Entre o que têm produzido nos últimos anos, Roma, de Alfonso Cuarón, é uma exceção não só pela forma ou pelo marco de viragem que poderá representar tanto na história da Netflix como na dos Óscares, mas também por marcar o regresso ao México que Cuarón não visitava há 17 anos. Mas como nota Grillo, de novo, apesar «de a maior parte dos seus filmes não serem explicitamente sobre o México, esse background está presente», ainda que de forma subtil, e cita o crítico Salvador Franco sobre o terror em Guillermo del Toro: «Os filmes de del Toro mostram a crença que as pessoas têm em espíritos e demónios que se encontra nas pequenas aldeias mexicanas». E é irrefutável a ideia de que há qualquer coisa do realismo mágico latino-americano no seu cinema.
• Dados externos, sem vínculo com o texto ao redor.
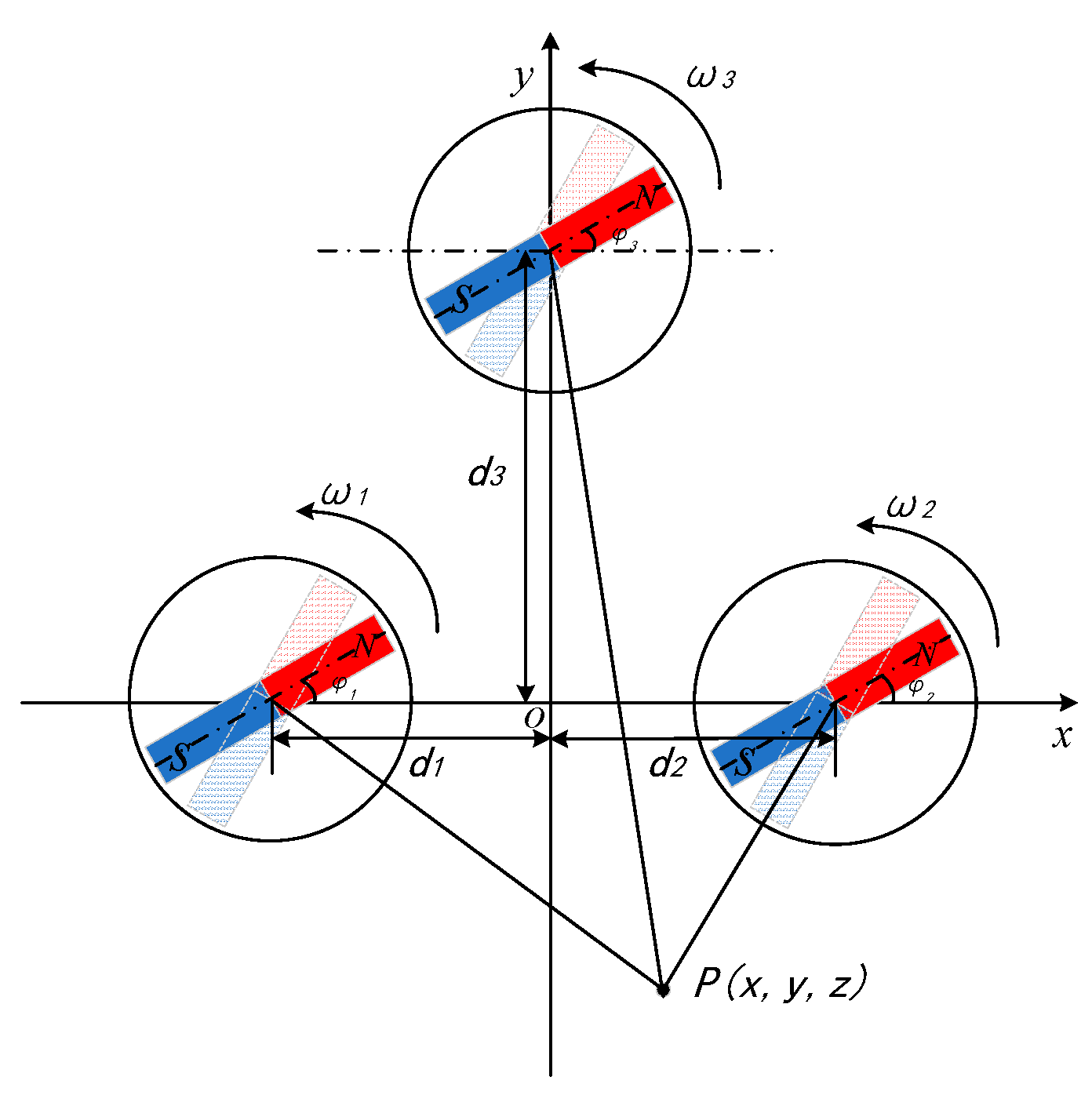Sensors 22 08304 g009
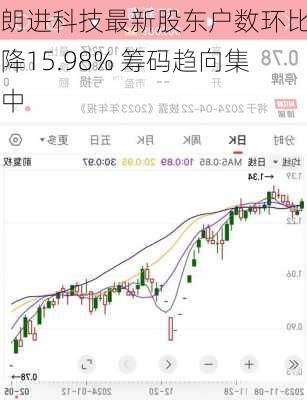 朗进科技最新股东户数环比下降15.98% 筹码趋向集中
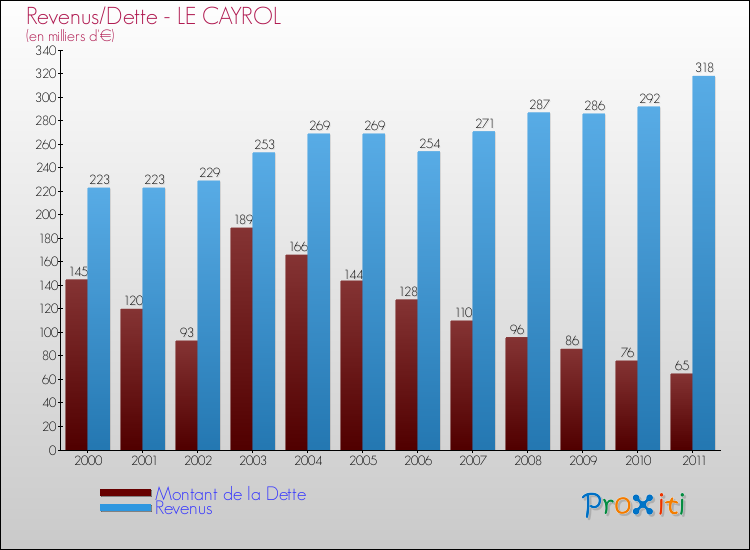 Evolution comparée de la dette et des revenus pour la commune de LE CAYROL de 2000 à 2011 Comparaison de la dette et des revenus pour LE CAYROL de 2000 à 2011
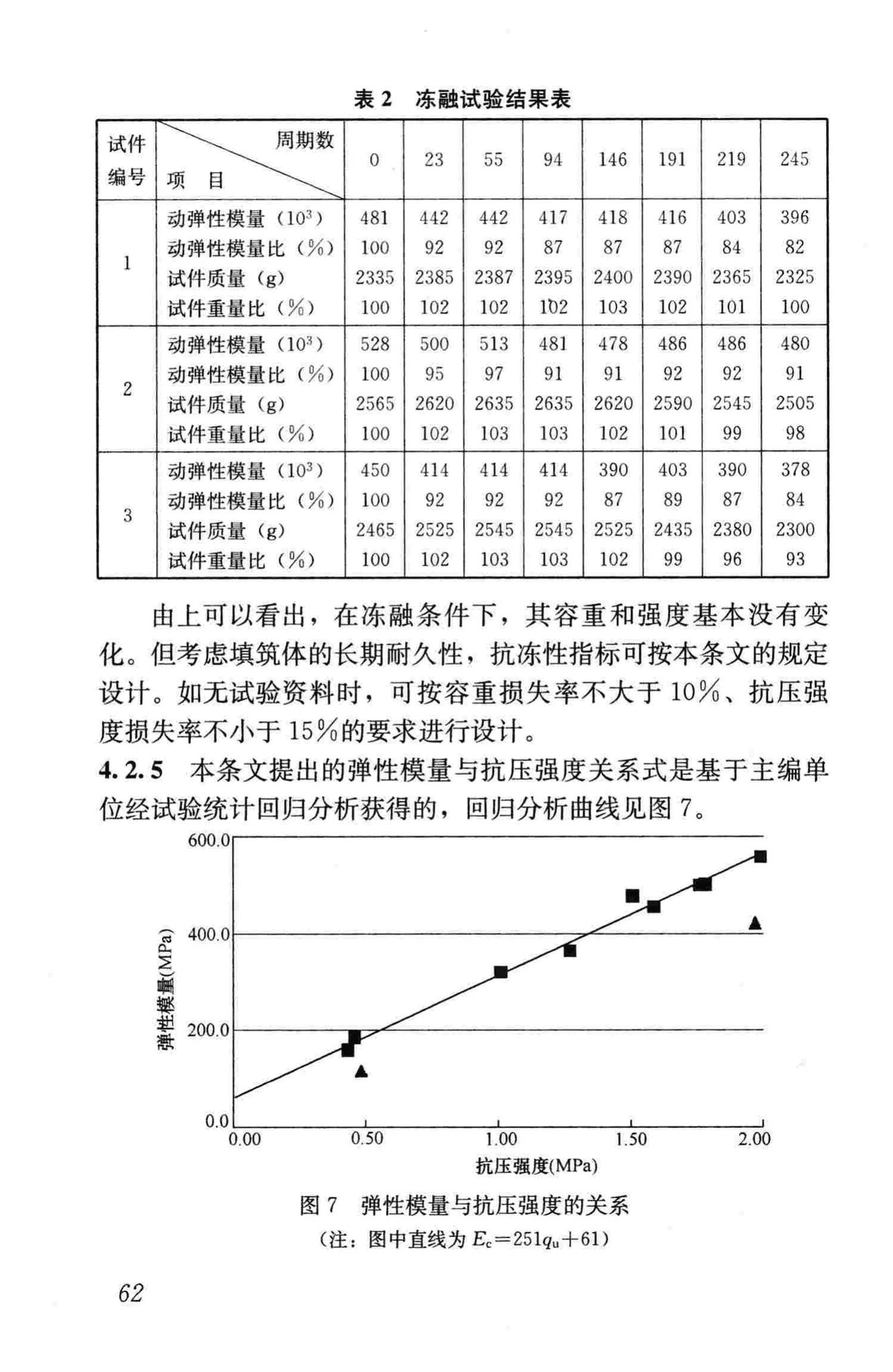 CJJ/T177-2012--气泡混合轻质土填筑工程技术规程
Iñárritu fá-lo de uma outra forma ao «quebrar o otimismo moral de Hollywood» quando «retrata um mundo mais disfuncional». Quanto a Cuarón, basta olhar para Great Expectations, uma produção norte-americana já naquele ano de 1998, protagonizada por Ethan Hawke e Gwyneth Paltrow, para perceber que não precisa do México como pano de fundo para falar sobre questões de classe como em Roma. Enquanto Cuarón prepara um telefilme, anunciado já como o seu próximo projeto com Casey Affleck como protagonista, Guillermo del Toro está voltado para Pinóquio — o que será uma «versão negra do conto infantil». De Iñárritu não se conhece ainda o próximo projeto. Soube-se esta semana que será presidente do júri em Cannes, já em maio. E isso também dirá muito sobre o lugar que ocupam hoje estes ‘three amigos’.